The team then used aminopeptidase M, an enzyme that rapidly degrades typical all-L peptides. The later-eluting peak disappeared quickly, while the earlier-eluting peak resisted degradation—strong evidence that this species contained a D-amino acid near its N-terminus that protected it from enzymatic breakdown 1 .
Finally, researchers spiked the samples with synthetic versions of potential ATRP variants bearing different D-amino acids. The earlier-eluting endogenous peak co-eluted precisely with synthetic d2-ATRP (containing D-phenylalanine at position 2), confirming its identity 1 .
LC-MS analysis reveals two peaks for ATRP with identical mass but different retention times, indicating the presence of mirror-image molecules.
The most surprising finding emerged when researchers tested how both peptide versions interacted with their newly identified receptor.

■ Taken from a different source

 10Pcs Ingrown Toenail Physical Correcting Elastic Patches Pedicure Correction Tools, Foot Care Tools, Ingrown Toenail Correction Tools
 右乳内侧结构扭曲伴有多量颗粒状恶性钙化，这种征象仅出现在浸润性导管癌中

| Property | l-ATRP (all-L version) | d2-ATRP (D-amino acid version) |
|---|---|---|
| Receptor Activation | Potent agonist 1 | Potent agonist 1 |
| Neuronal Activity | Increases excitability in feeding circuits 1 | Increases excitability in feeding circuits 1 |
| Stability in Plasma | Rapidly degraded 1 | Highly stable 1 |
| Percentage in CNS | ~70% 1 | ~30% 1 |
In most previously known DAACPs, the D-amino acid version was essential for activity, while the all-L version was ineffective. The Aplysia ATRP system breaks this pattern—both forms are active.

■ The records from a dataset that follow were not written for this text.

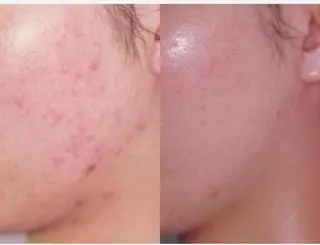 最速小顔・肌質管理 ❣️エスポワールのエステ・リラクイメージ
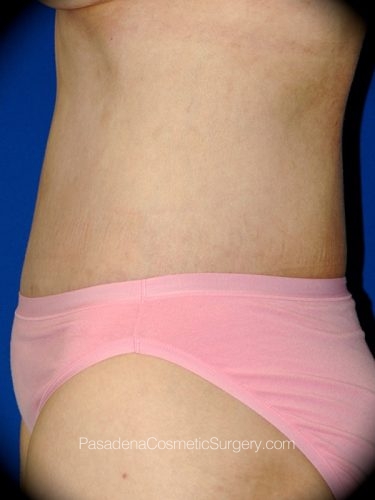 Body Lift Patient 05 After - 3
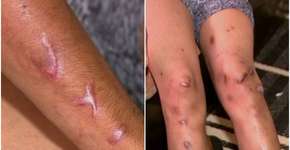 Foto: (Imagem sem texto alternativo disponivel ID [1114205])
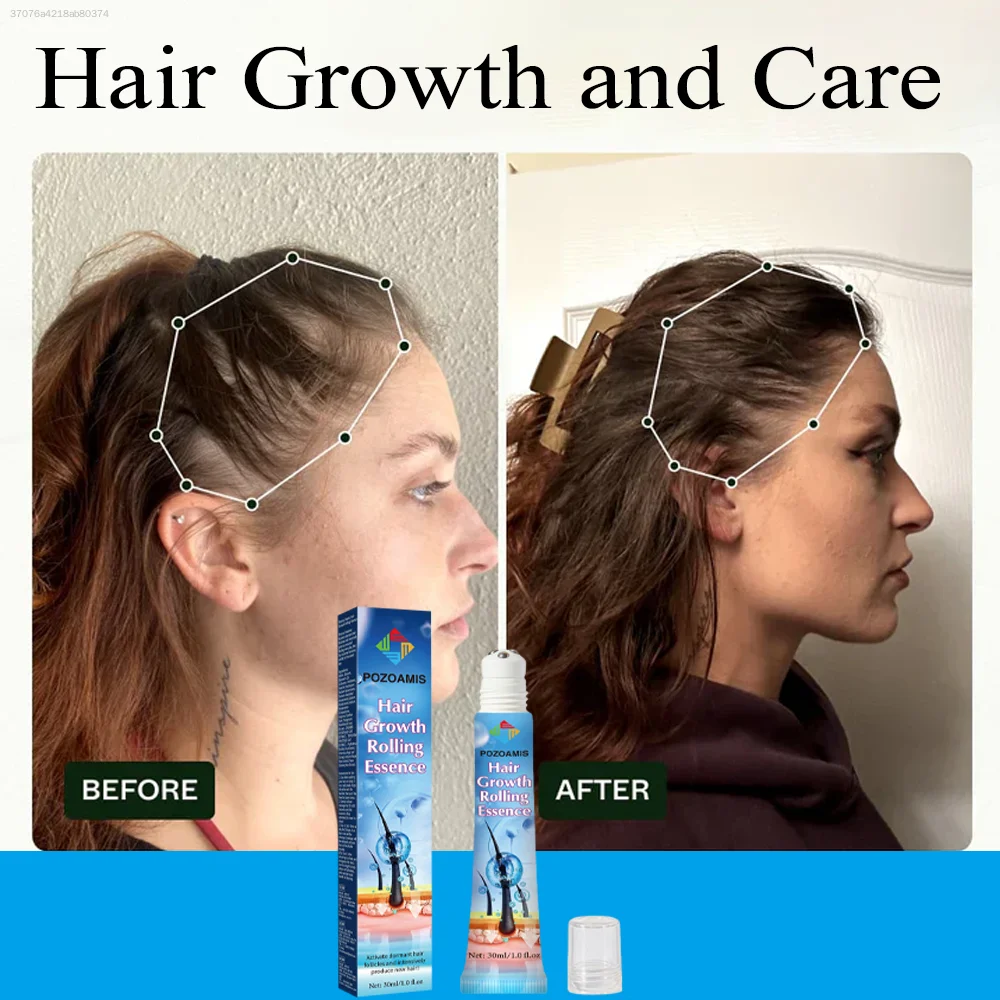 Stop worrying about thinning hairlook handsome and beautiful.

The dramatically different stability between the two forms reveals a potential regulatory mechanism. The D-amino acid version acts like a slow-release version of the peptide, protected from degradation.
This suggests that for some peptides, the primary role of L-to-D residue isomerization may not be receptor activation but rather extending the peptide's lifespan in the extracellular space 1 .
| Tool/Technique | Function in Research |
|---|---|
| Liquid Chromatography-Mass Spectrometry (LC-MS) | Separating and identifying peptides from complex biological mixtures 1 |
| Aminopeptidase M Digestion | Screening for D-amino acid containing peptides based on enzymatic resistance 1 |
| Synthetic Peptide Standards | Confirming identities of endogenous peptides through co-elution experiments 1 |
| pNEX3 Expression Vector | Introducing genes into Aplysia neurons to study receptor function 6 |
| Electrophysiological Recording | Measuring changes in neuronal excitability in response to peptides 6 |
Critical for detecting the two ATRP variants with identical mass but different properties.
Aminopeptidase M digestion revealed the unusual stability of d2-ATRP.
Confirmed that both peptide variants increase neuronal excitability.
The discovery in Aplysia has ripple effects far beyond marine biology. D-amino acids and DAACPs have been linked to various human conditions:
D-aspartate and D-serine have been found in brain tissues of Alzheimer's patients, and DAACPs have been isolated from cataract patients 2 .
Non-enzymatic racemization (spontaneous L-to-D conversion) occurs slowly in long-lived proteins, making D-amino acid content a potential marker of protein age 2 .
Gut bacteria produce D-amino acids that are incorporated into their cell walls, potentially influencing host physiology 2 .
The Aplysia findings open new possibilities for peptide therapeutics. Incorporating D-amino acids could enhance drug stability without necessarily compromising activity, potentially leading to longer-lasting treatments with lower dosing frequencies 1 2 .
The Aplysia ATRP story represents a paradigm shift in neurobiology. Rather than being mere curiosities or pathological accidents, D-amino acid containing peptides appear to be a sophisticated regulatory mechanism fine-tuning neural communication.